Very cute puzzle. Believe it or not, this is related to the clever algorithm of Nimrod Megiddo for linear programming in 2 dimensions. The idea is that if you have N linear inequalities in 2 dimensions (which is what this problem had) the vertices of the polytope given by their intersection come from intersections of of pairs of the lines (there might be some degeneracy) which are N(N-1)/2. Megiddo's idea for minimizing a linear form over the polytope was a divide and conquer, which done cleverly, only took time *linear* in N. Victor On Sun, Mar 27, 2016 at 8:33 PM, William R Somsky <wrsomsky@gmail.com> wrote:
Um.. Yeah.. Off by one. I gave how many changes of orderings there are, so add one for the total number of orderings. DOH! ;-) On Mar 27, 2016 04:01, "Gareth McCaughan" <gareth.mccaughan@pobox.com> wrote:
On 27/03/2016 03:38, William R. Somsky wrote:
If done w/ sufficient resolution, and barring a measure-zero set of
coincidences, your procedure w/ N dead presidents should result in N(N-1)/2 different orderings. And nice question -- I solved it while driving in the car to get dinner. :-)

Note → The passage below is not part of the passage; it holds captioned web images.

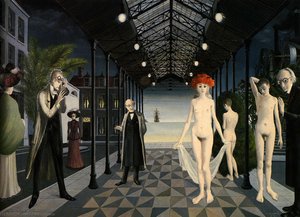 Tribute To Jules Verne — Paul Delvaux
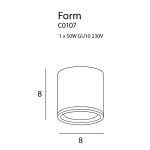 MaxLight C0107 LAMPA SUFITOWA FORM CHROM GU10 IP65 GU10 IP65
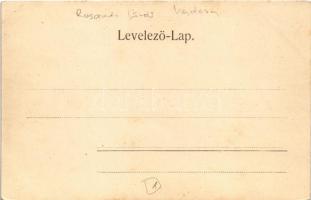 Ruszanda-fürdő, Banja Rusanda (Melence, Melenci); gépház udvara, szélmalom, gémeskút, fürdő. Photogr...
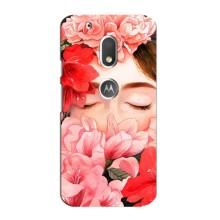 Чехлы (ART) Цветы на Motorola MOTO G4 Play (VPrint) (Глаза в цветах)
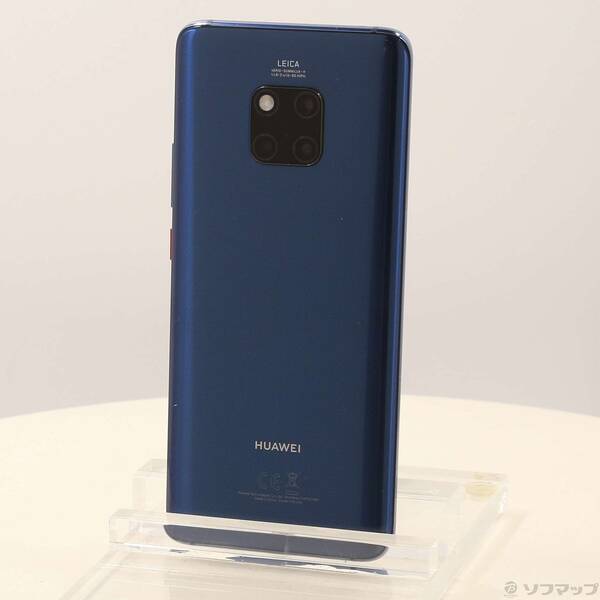 【中古】HUAWEI(ファーウェイ) HUAWEI Mate 20 Pro 128GB ミッドナイトブルー LYA-L09 SoftBank 【198-ud】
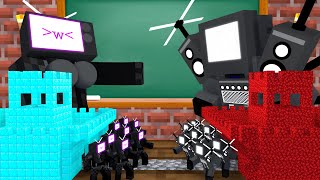 TVWOMAN vs TVMAN ARMY TINY APOCALYPSE - Minecraft Animation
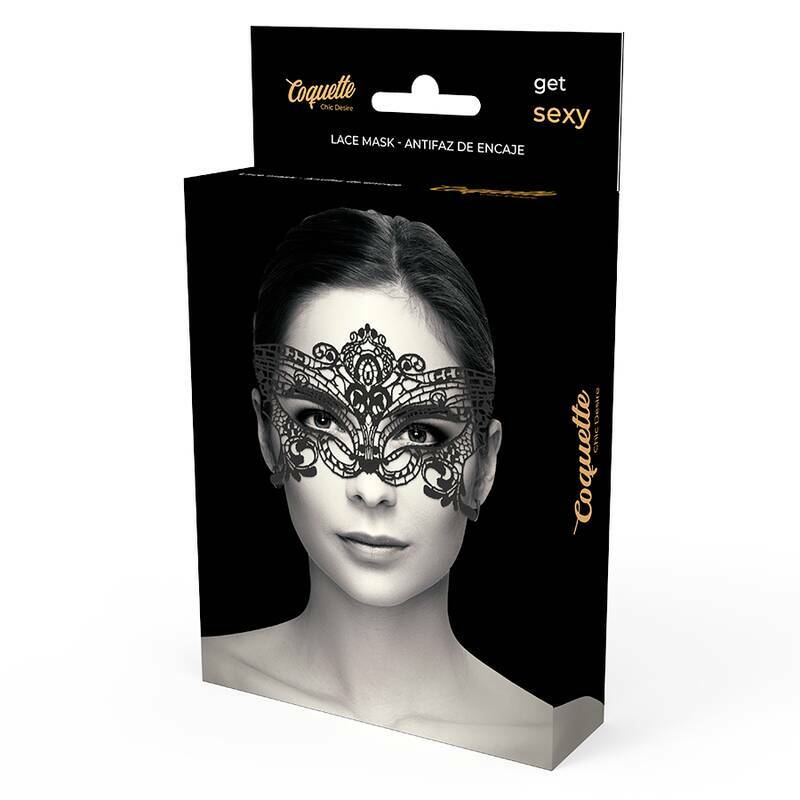 COQUETTE CHIC DESIRE - LACE MASK BLACK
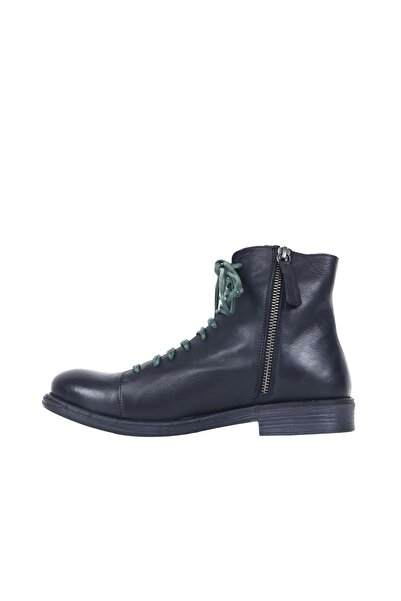 Bueno Shoes Yeşil Deri Kadın Düz Bot 01wr3701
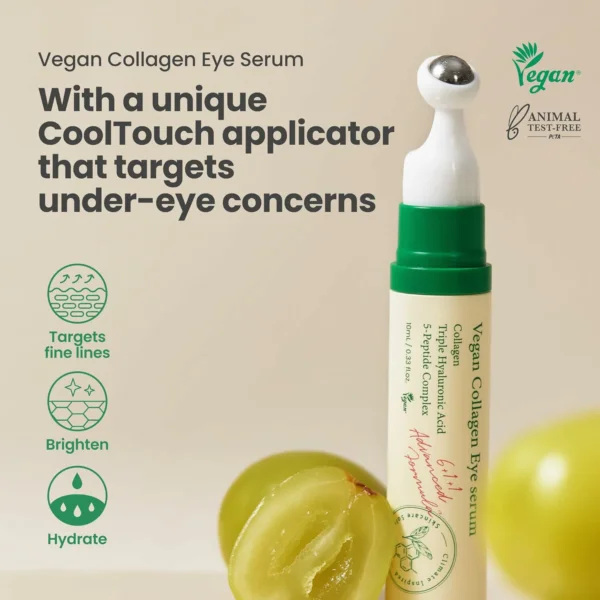 سيروم العيون كولاجين نباتي تجاعيد وانتفاخ وهالات + رأس مساج AXIS-Y Eye Vegan Collagen  – منتجات كورية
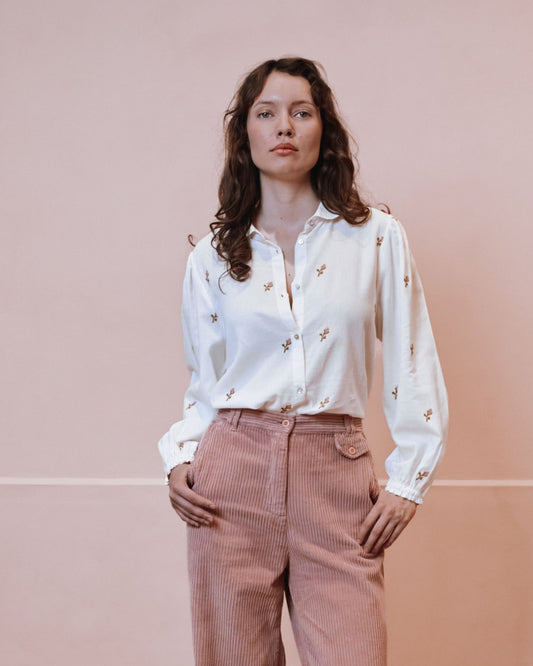 Blouse with Cross Stitch Embroidery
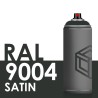 3726 - Bombe de peinture 400ml Satin RAL 9004 Noir Sécurité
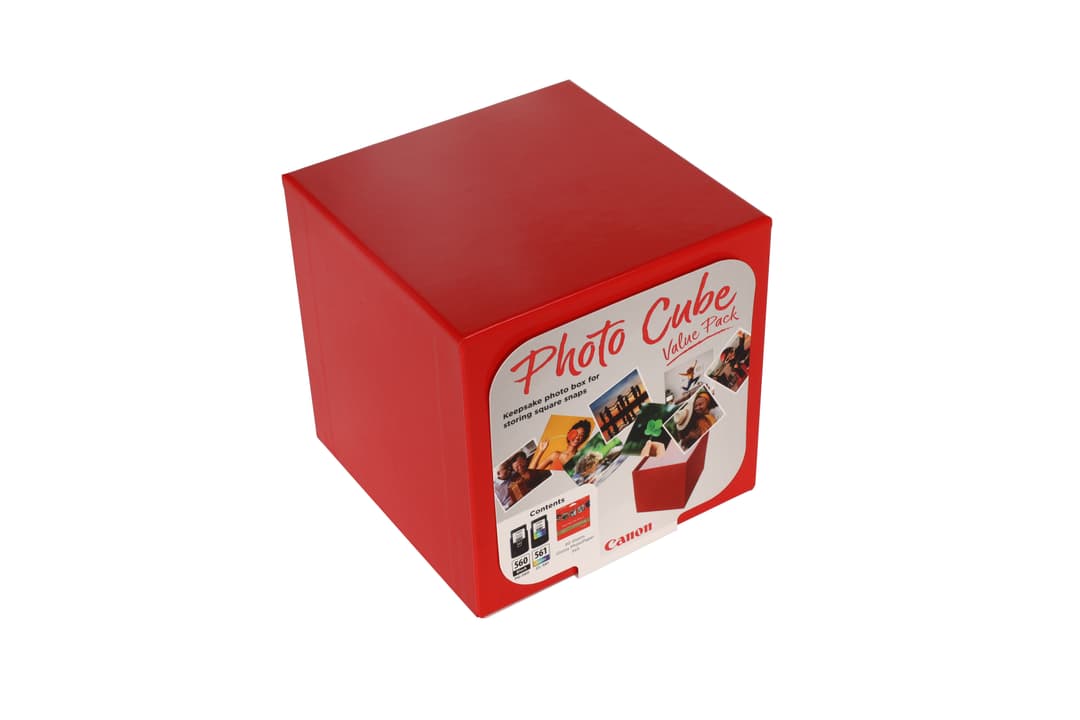 Canon PG-560 / CL-561 Ink Cartridge Photo Cube Value Pack with PP-201 5x5" Photo Paper (40 Sheets) - Black & Colour - Image 3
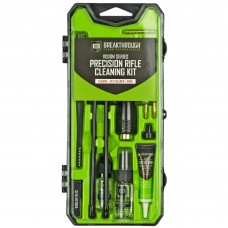 Breakthrough Clean Technologies Vision Series, Cleaning Kit, For .243 Cal/6MM, Includes Cleaning Rod Sections, Hard Bristle Nylon Brushes, Jags, Patch Holders, Cotton Patches, Durable Aluminum Handle And Mini Bottles of Bre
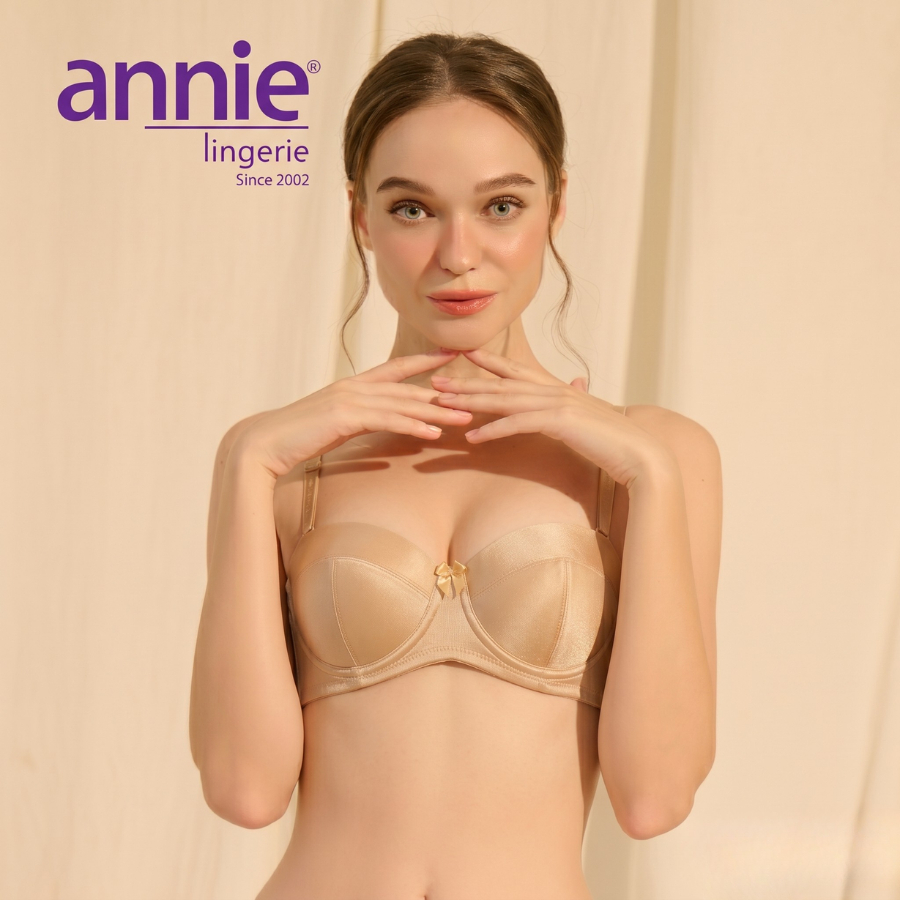 [Tăng 1 size] Áo Lót Nữ annie lingerie BRA8149 Có Gọng Nâng Đẩy Đệm Mỏng, Bra Áo Ngực Tạo Khe Quyến Rũ Chống Há Quả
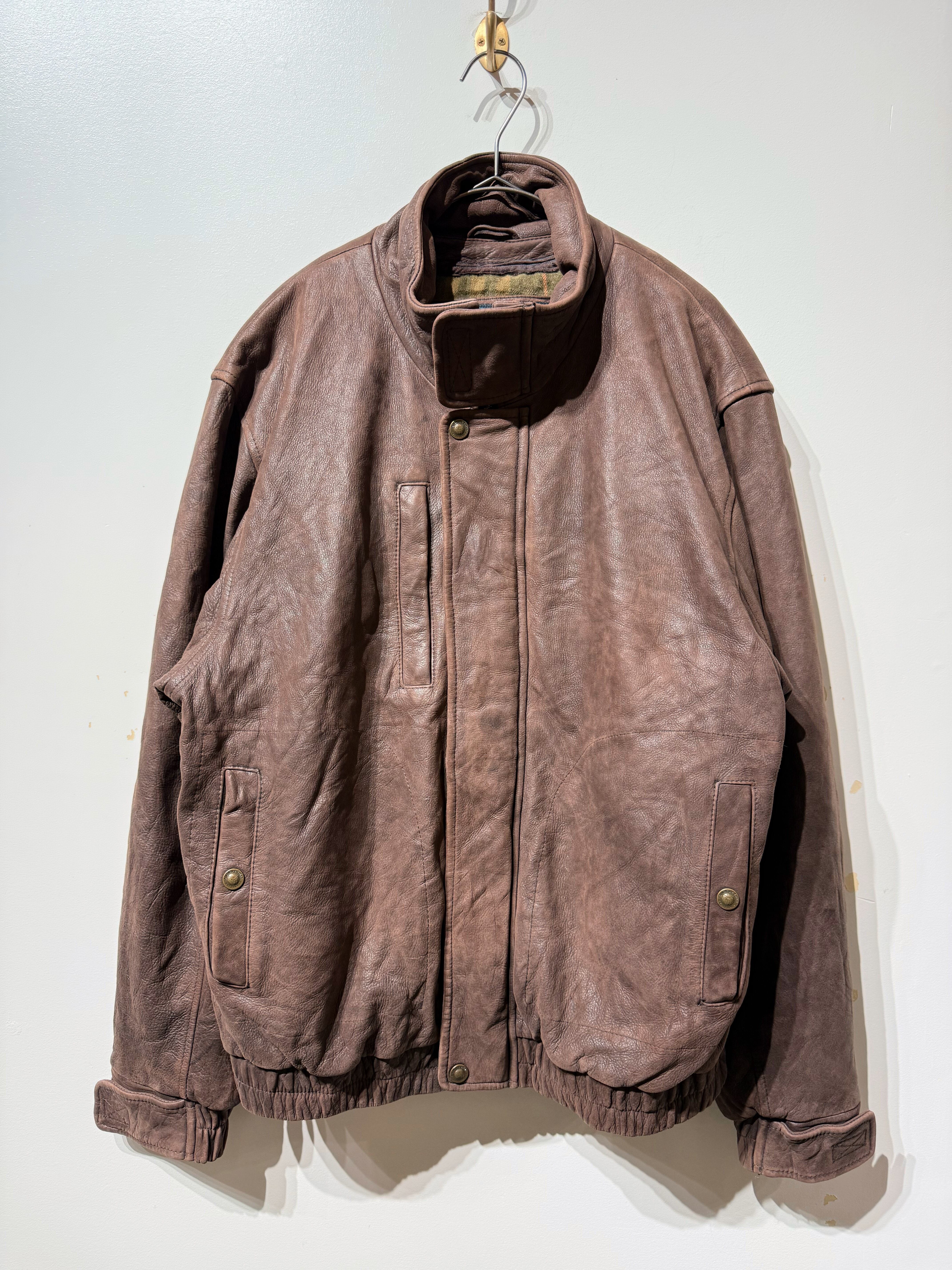 (OT1397)Leather liner blouson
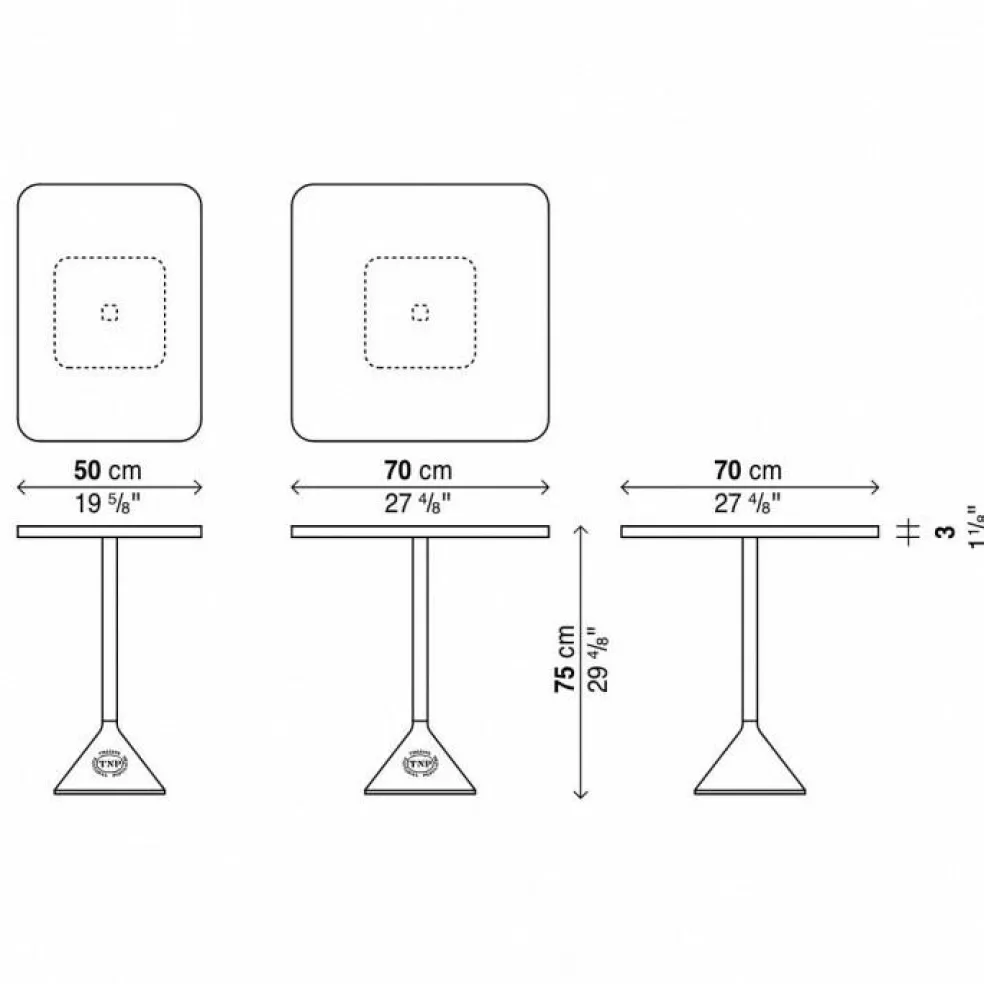 TNP Bistrotisch 70x50/70cm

I think you have an off-by-one error.
N=1: N(N-1)/2 = 0, but obviously there's one ordering.
N=2: N(N-1)/2 = 1. Suppose we have A (born 0, died 1) and B (born -1, died 2). Then just "born" and "died" already give us both possible orderings.
N=3: N(N-1)/2 = 3. Suppose we have A(0..0), B (1..2) and C(0..3). Then, if h is very small and positive, we have the following orderings: - b + h(d-b): A < C < B - b - h(d-b): C < A < B - b + 1(d-b): A < B < C - b - 9(d-b): C < B < A
(You get one *change* in ordering per "line joining two of the points", not one *ordering*.)